Pour l’instant les marchés ne sont pas définis, est-ce que la fiction va réussir à émerger sur ce terrain-là où est-ce que ce sera l’industrie du jeu-vidéo qui s’y intéressera de manière plus importante ? Ou est-ce qu’au final personne n’aura envie de mettre des casques ? Pour l’instant rien n’est écrit, il y a une coexistence des formes, comme d’habitude.

Selon vous, quels sont les grands chantiers à venir pour les entreprises médiatiques ?

Si on prend l’industrie dans son ensemble, c’est évidemment le numérique. Les diffuseurs mettent beaucoup de temps à accepter cette transition nécessaire. La création de YouTube c’était en 2005, ça fait maintenant plus de 10 ans.

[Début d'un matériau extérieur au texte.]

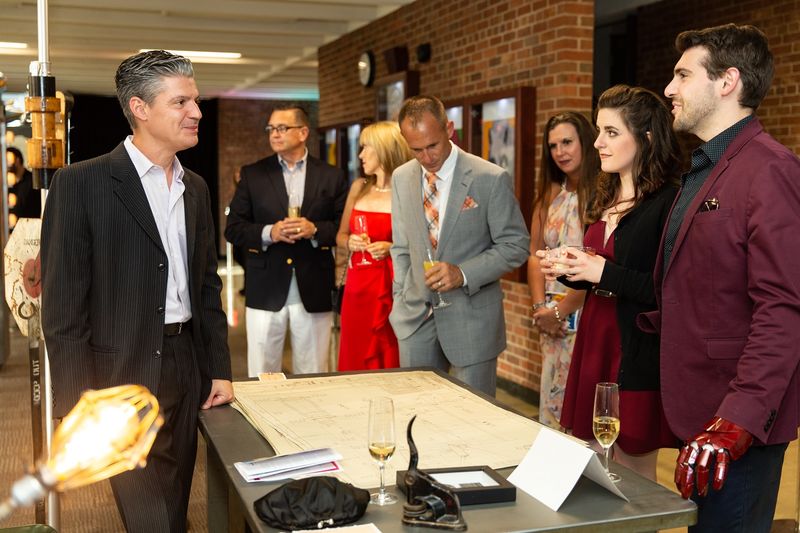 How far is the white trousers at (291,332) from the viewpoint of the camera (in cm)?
451

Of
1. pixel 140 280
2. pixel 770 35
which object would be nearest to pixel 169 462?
pixel 140 280

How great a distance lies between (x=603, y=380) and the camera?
2660 mm

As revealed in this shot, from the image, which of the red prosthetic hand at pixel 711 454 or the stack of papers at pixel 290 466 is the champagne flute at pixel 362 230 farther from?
the red prosthetic hand at pixel 711 454

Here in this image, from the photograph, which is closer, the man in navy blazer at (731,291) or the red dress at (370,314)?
the man in navy blazer at (731,291)

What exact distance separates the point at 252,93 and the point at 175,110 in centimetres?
1476

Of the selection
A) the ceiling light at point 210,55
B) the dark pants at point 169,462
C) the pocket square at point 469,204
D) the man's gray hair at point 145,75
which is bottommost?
the dark pants at point 169,462

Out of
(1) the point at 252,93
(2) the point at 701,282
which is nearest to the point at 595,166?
(2) the point at 701,282

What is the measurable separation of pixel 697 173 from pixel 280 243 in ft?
8.80

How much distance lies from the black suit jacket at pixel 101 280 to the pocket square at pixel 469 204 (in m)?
1.40

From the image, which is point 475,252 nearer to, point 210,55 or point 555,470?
point 555,470

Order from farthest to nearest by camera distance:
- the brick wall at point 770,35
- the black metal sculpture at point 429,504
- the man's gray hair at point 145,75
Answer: the brick wall at point 770,35 < the man's gray hair at point 145,75 < the black metal sculpture at point 429,504

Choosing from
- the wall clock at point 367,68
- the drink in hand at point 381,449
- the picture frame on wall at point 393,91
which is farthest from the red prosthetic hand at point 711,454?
the wall clock at point 367,68

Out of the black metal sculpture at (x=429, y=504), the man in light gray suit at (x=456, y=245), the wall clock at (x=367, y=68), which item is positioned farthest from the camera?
the wall clock at (x=367, y=68)

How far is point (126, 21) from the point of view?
8.18 meters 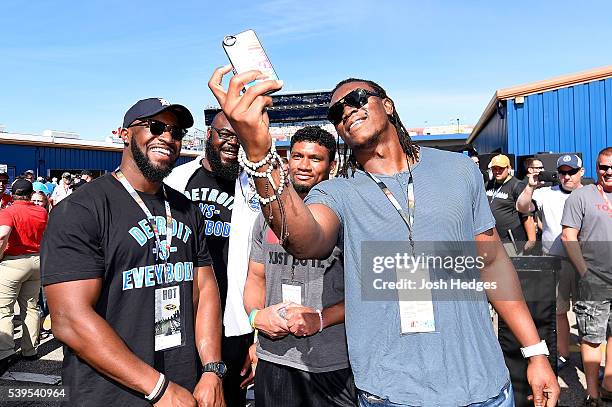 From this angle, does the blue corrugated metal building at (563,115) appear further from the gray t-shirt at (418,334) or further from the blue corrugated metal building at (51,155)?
the blue corrugated metal building at (51,155)

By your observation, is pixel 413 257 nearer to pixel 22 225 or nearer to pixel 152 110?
pixel 152 110

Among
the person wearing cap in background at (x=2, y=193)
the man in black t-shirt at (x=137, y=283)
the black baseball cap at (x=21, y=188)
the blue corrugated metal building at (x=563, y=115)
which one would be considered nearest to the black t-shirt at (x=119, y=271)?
the man in black t-shirt at (x=137, y=283)

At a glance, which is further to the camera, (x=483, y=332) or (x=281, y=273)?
(x=281, y=273)

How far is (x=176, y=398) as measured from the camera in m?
2.12

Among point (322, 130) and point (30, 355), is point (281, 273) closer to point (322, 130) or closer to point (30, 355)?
point (322, 130)

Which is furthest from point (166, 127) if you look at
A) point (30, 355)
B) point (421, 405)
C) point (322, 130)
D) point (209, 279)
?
point (30, 355)

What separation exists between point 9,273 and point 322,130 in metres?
4.11

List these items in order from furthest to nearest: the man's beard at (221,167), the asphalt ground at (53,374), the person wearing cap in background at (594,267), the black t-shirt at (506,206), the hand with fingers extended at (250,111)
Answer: the black t-shirt at (506,206) → the asphalt ground at (53,374) → the person wearing cap in background at (594,267) → the man's beard at (221,167) → the hand with fingers extended at (250,111)

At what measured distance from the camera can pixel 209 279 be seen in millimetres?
2596

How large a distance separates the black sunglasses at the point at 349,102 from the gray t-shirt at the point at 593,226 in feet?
10.7

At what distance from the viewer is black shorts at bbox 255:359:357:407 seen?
2.48m

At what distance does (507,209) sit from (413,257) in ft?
17.7

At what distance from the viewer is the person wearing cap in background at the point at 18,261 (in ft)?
17.1

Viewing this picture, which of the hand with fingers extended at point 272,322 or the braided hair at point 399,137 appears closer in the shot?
the braided hair at point 399,137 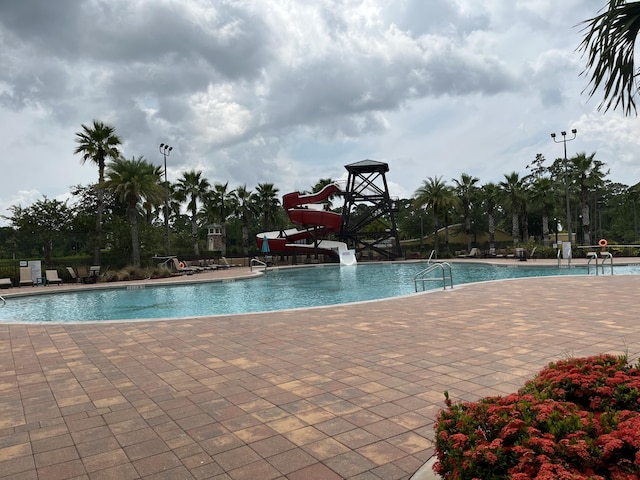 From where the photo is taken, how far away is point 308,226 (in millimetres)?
39719

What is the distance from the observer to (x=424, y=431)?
139 inches

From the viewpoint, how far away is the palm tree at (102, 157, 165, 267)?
2556 cm

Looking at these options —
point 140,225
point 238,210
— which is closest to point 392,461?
point 140,225

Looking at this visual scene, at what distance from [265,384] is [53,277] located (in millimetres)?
21418

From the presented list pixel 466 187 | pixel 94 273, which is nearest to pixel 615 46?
pixel 94 273

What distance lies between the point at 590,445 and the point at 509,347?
4444 millimetres

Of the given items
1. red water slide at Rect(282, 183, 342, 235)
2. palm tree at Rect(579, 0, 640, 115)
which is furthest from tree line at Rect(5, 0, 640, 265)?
red water slide at Rect(282, 183, 342, 235)

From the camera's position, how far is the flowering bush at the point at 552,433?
188cm

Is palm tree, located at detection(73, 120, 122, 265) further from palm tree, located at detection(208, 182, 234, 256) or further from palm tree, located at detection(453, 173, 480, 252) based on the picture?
palm tree, located at detection(453, 173, 480, 252)

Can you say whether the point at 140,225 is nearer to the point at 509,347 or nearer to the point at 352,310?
the point at 352,310

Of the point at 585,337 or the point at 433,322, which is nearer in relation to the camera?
the point at 585,337

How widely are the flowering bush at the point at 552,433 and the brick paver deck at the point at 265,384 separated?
84 centimetres

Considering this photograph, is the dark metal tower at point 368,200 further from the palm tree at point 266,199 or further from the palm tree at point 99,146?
the palm tree at point 99,146

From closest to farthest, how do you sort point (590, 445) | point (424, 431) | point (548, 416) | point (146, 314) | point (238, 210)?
point (590, 445) < point (548, 416) < point (424, 431) < point (146, 314) < point (238, 210) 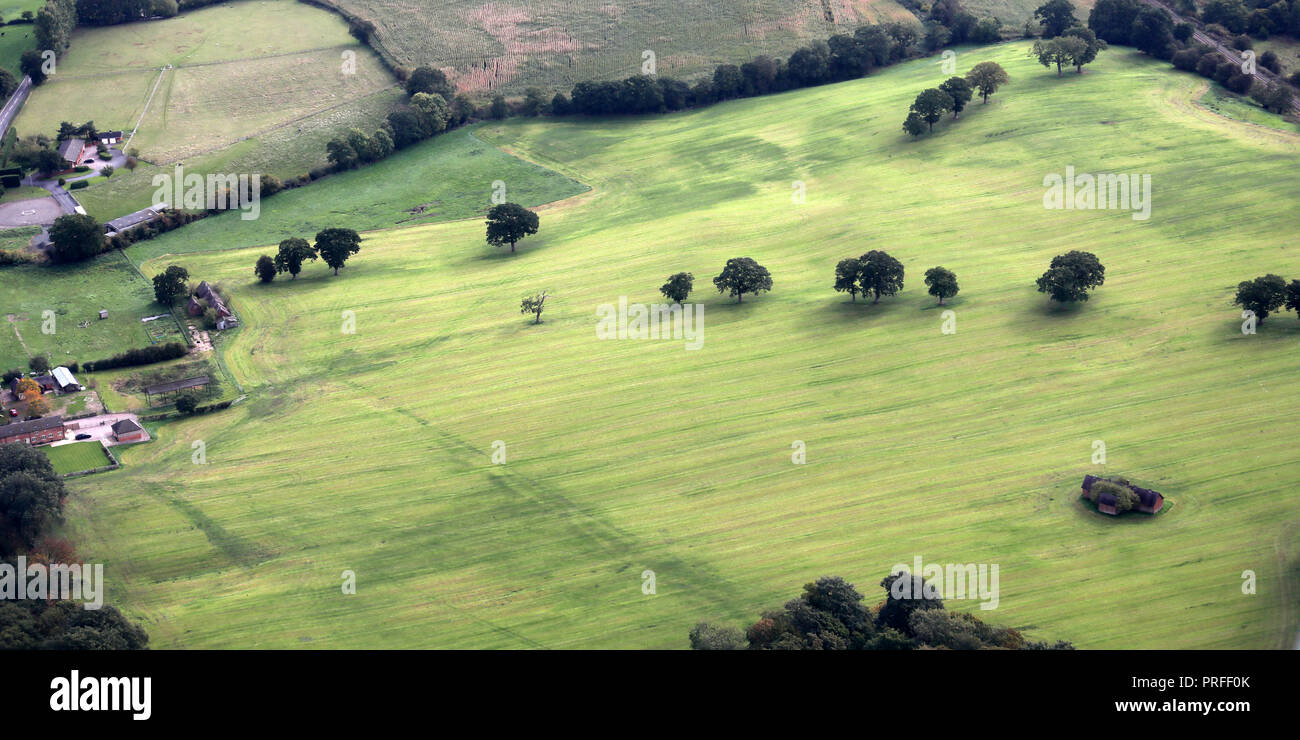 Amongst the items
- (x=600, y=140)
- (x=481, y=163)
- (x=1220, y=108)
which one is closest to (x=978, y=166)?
(x=1220, y=108)

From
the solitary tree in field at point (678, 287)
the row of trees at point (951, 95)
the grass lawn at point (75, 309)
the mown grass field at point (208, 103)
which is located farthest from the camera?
the mown grass field at point (208, 103)

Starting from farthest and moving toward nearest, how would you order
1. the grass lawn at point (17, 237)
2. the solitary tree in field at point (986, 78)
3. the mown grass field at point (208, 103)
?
the mown grass field at point (208, 103) < the solitary tree in field at point (986, 78) < the grass lawn at point (17, 237)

YouTube a pris une importance énorme en termes d’audience et ça n’est pas prêt de s’arrêter. Avec des coûts investis très faibles par rapport à l’audience, c’est tout à fait incomparable avec les coûts en matière de télévision ou de cinéma – dont le modèle mathématiquement, ne peut pas tenir. Si les chaînes de télévision ne se disent pas qu’il faut être là parce que ce sont les nouveaux usages, elles sont mortes !

C’est dramatique parce qu’elles ont un patrimoine, une puissance évocatrice très forte. C’est comme si elles l’ignoraient, comme si elles se disaient que leur cadre d’intervention est réduit à la télévision-objet-du-salon, et que faire voyager leurs marques sur d’autres plateformes serait quelque chose de problématique et/ou de trop coûteux.

Elles répondent par le replay, mais à mon sens c’est une grave erreur. Les chargés de programme de l’antenne achètent pour un public déterminé, qui est celui de la télévision. C’est un public âgé que visent les chargés de programmes, en termes de sujets, de manière de s’exprimer, de rapidité de la narration, de montage, etc. Si on avait une approche purement marketing on se dirait « Tu as acheté des programmes pour telle cible, tu ne vas pas les ressortir à telle autre ! ».

Aujourd’hui les budgets des diffuseurs publics sur le numérique sont très faibles, c’est moins de 1% du budget global d’achat de programmes originaux. C’est très préjudiciable, à la fois pour le public car il est en attente de contenus, mais aussi pour l’industrie qui n’arrive pas à faire cette transition numérique.